Integer cast overload being used instead of bool cast overload

Question

I want to check if something is valid using bool cast overload:

Menu::operator bool() const {
        bool empty = false;
        if (m_title == nullptr) {
            empty = true;
        }

        return empty;
    }

However when I used

if (Menu1) { cout << "valid"; }

It used int cast overload instead

Menu::operator int()
    {
        int choice = option(); 
        return choice;
    }

Answer 1

It seems that the object Menu1 is not a constant object. So to call the conversion operator to bool, one conversion to const is required, while to call the conversion operator to int, no conversion to const is required.

Declare both operators as constant member functions, and make them (or at least the conversion operator to int) explicit, as it is shown in the demonstrative program below:

#include <iostream>

struct A
{
    int x = 0;

    explicit operator int() const 
    { 
        std::cout << "operator int() const is called\n";
        return x; 
    }

    explicit operator bool() const 
    { 
        std::cout << "operator bool() const is called\n";
        return x != 0; 
    }
};

int main() 
{
    A a = { 10 };

    if ( a ) std::cout << a.x << '\n';

    return 0;
}

The program output is:

operator bool() const is called
10

Answer 2

What you are attempting is a contextual conversion, and in such cases your conversion operator needs to be well-formed. This specific scenario is detailed on cppreference.com under "Implicit conversions" in the section titled "Contextual conversions".

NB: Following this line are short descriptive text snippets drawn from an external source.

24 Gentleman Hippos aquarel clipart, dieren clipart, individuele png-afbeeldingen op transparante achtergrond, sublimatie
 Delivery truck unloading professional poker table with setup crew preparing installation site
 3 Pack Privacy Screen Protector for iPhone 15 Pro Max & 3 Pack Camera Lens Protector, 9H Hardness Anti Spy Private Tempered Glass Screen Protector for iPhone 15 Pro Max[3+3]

In fact, for the scenario mentioned above, all you need to do is to make your conversion operators const.

The below worked for me:

class Menu
{
    int choice;
    int mtitle;

public:
    Menu(int a, int b):choice(a), mtitle(b){}

    operator bool() const {
        cout << "Calling op bool\n";
        bool empty = false;
        if (mtitle == 1) {
            empty = true;
        }

        return empty;
    }

    operator int() const
    {
        cout << "Calling op int"<<"\n";
        int choice = 2;
        return choice;
    }    
};

int main()
{    
    Menu mymenu(12, 3);

    if (mymenu)
        cout << "valid\n";
}

Alternately, if you don't want to make any changes to your code, then in your main() you can call the operator explicitly, like this:

if (mymenu.operator bool())
  cout << "Op Bool is called";